ASSIGNMENT:
Look through the listing below for the line containing "DWM-25-58-S-D-400 QRCode". Copy it and each line after it up to and including the line containing "55 Wayman Dr", exactly, leaving out pictures.

RECORDS FOR THIS EXERCISE:

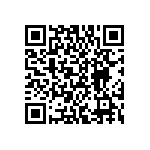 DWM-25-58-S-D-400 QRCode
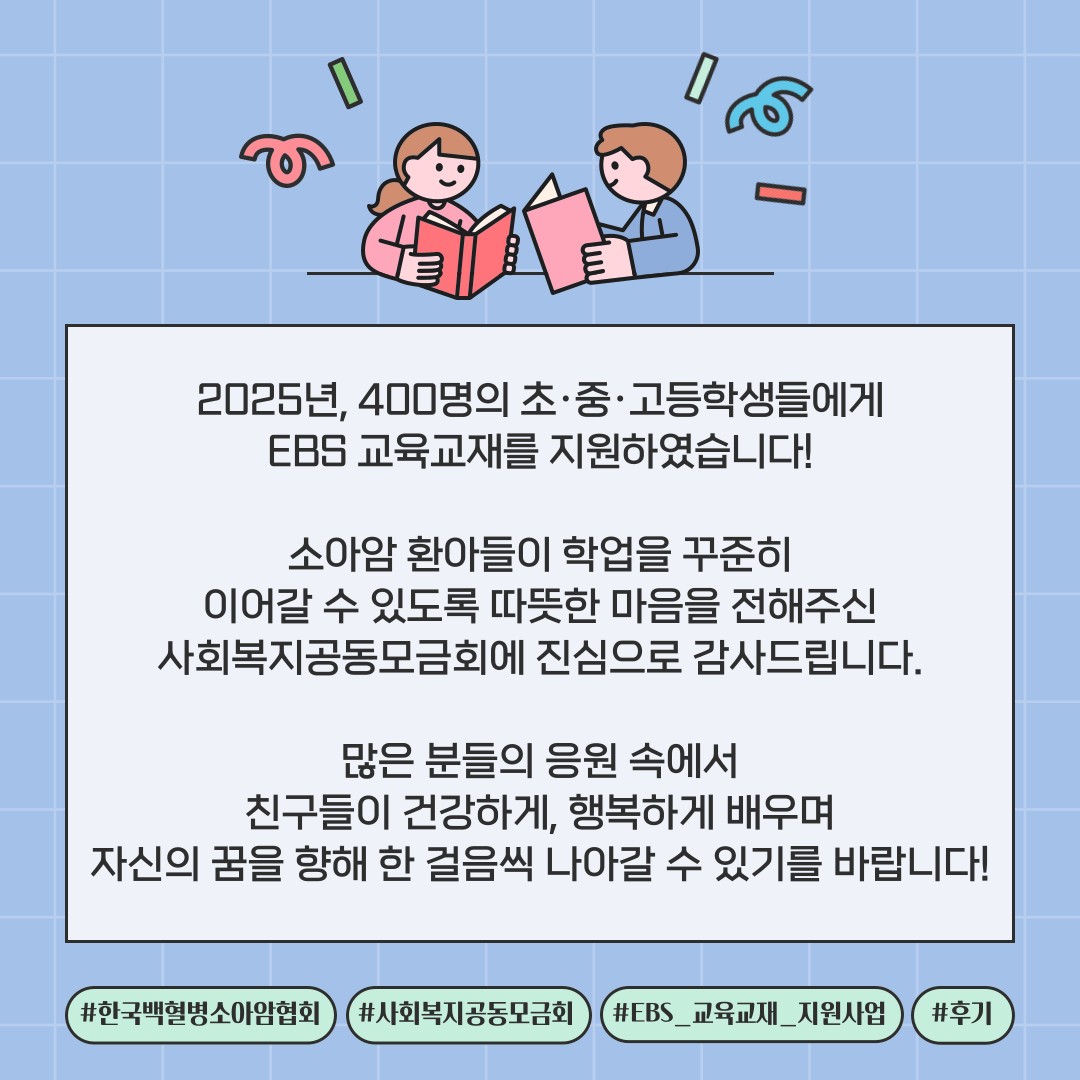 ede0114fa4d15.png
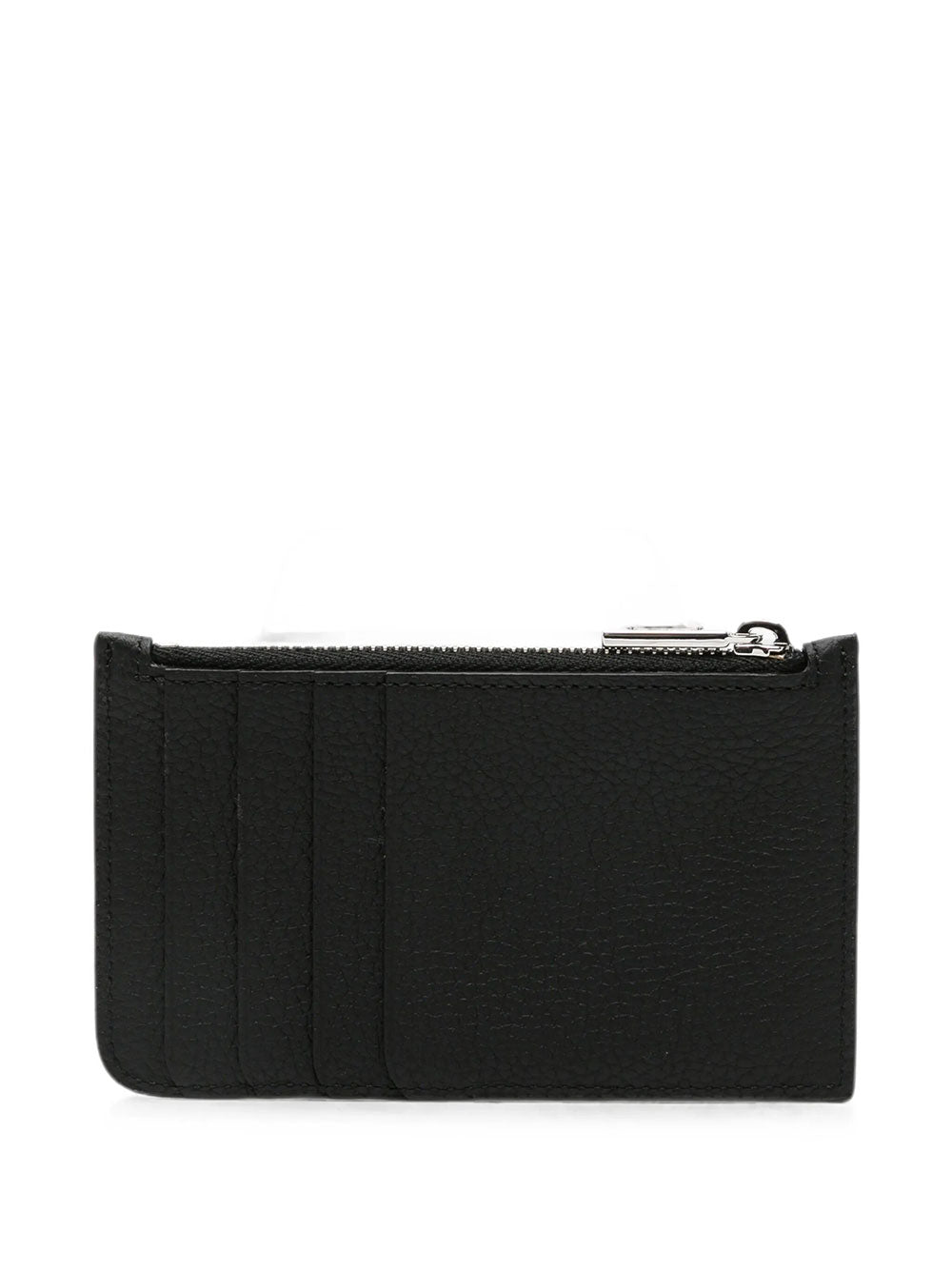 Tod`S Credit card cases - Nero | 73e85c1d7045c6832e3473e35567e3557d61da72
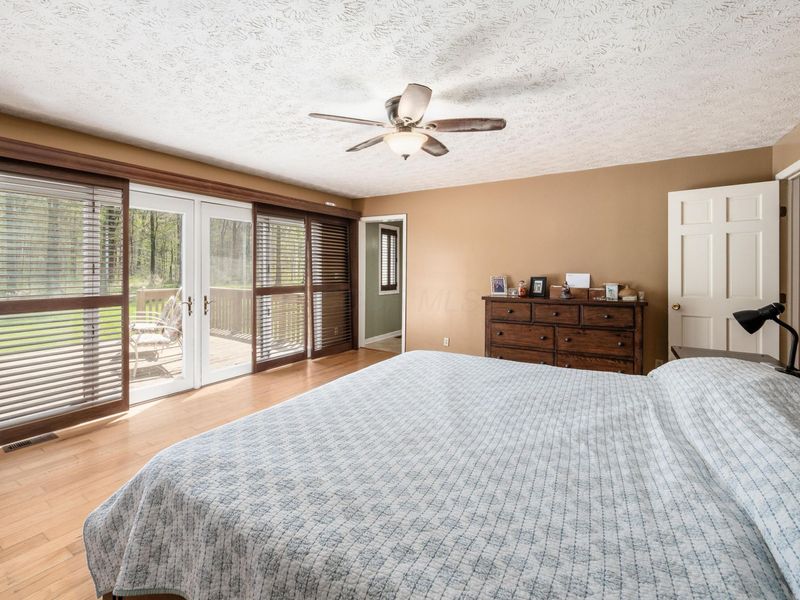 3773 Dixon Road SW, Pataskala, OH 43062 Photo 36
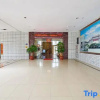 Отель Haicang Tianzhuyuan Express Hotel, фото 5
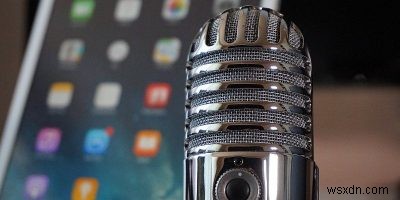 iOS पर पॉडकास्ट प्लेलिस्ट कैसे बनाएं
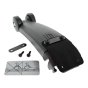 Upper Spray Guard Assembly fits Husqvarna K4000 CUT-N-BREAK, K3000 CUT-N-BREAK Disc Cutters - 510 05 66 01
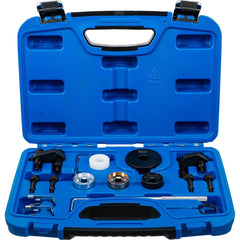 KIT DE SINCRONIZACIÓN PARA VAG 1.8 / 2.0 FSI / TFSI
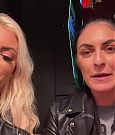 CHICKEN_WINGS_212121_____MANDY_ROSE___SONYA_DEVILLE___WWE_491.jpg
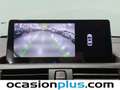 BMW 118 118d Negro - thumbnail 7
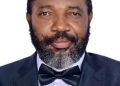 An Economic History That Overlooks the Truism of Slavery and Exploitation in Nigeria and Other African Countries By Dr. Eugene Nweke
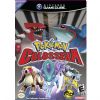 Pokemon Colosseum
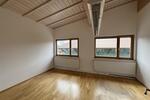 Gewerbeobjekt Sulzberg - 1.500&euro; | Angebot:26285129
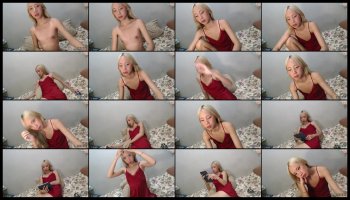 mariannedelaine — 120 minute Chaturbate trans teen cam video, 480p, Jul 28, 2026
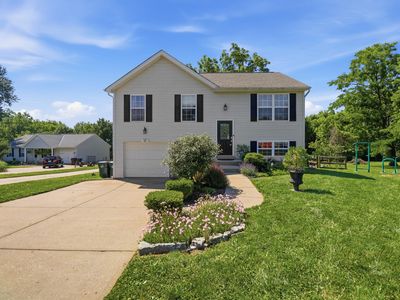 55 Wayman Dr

---

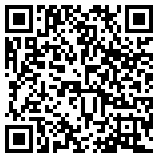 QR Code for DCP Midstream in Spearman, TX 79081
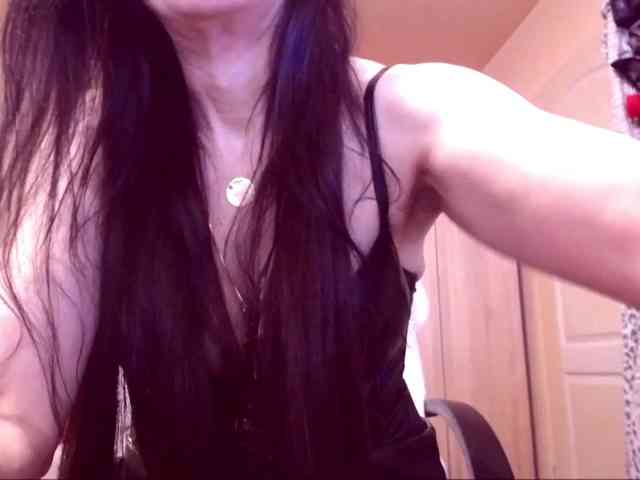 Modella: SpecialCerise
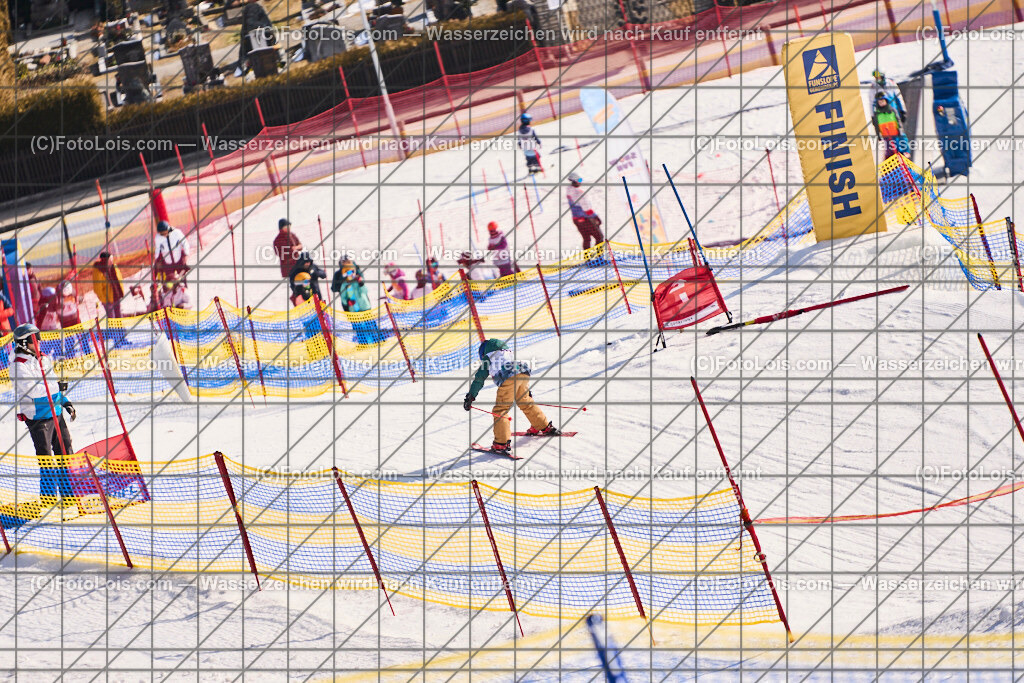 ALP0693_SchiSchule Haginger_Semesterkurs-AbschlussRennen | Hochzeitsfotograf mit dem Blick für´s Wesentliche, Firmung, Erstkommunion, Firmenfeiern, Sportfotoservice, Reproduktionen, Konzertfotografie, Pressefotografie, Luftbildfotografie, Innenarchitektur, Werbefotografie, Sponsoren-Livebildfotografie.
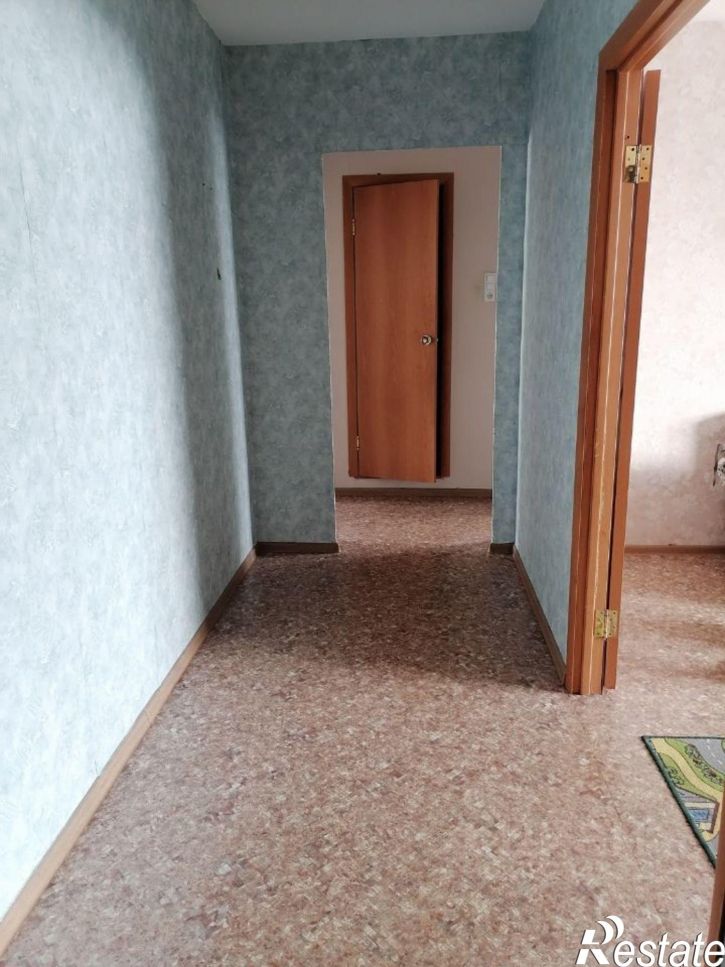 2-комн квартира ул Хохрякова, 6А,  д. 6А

RESPONSE:
 DWM-25-58-S-D-400 QRCode
 ede0114fa4d15.png
 Tod`S Credit card cases - Nero | 73e85c1d7045c6832e3473e35567e3557d61da72
 3773 Dixon Road SW, Pataskala, OH 43062 Photo 36
 Отель Haicang Tianzhuyuan Express Hotel, фото 5
 iOS पर पॉडकास्ट प्लेलिस्ट कैसे बनाएं
 Upper Spray Guard Assembly fits Husqvarna K4000 CUT-N-BREAK, K3000 CUT-N-BREAK Disc Cutters - 510 05 66 01
 KIT DE SINCRONIZACIÓN PARA VAG 1.8 / 2.0 FSI / TFSI
 CHICKEN_WINGS_212121_____MANDY_ROSE___SONYA_DEVILLE___WWE_491.jpg
 BMW 118 118d Negro - thumbnail 7
 An Economic History That Overlooks the Truism of Slavery and Exploitation in Nigeria and Other African Countries By Dr. Eugene Nweke
 Pokemon Colosseum
 Gewerbeobjekt Sulzberg - 1.500&euro; | Angebot:26285129
 mariannedelaine — 120 minute Chaturbate trans teen cam video, 480p, Jul 28, 2026
 55 Wayman Dr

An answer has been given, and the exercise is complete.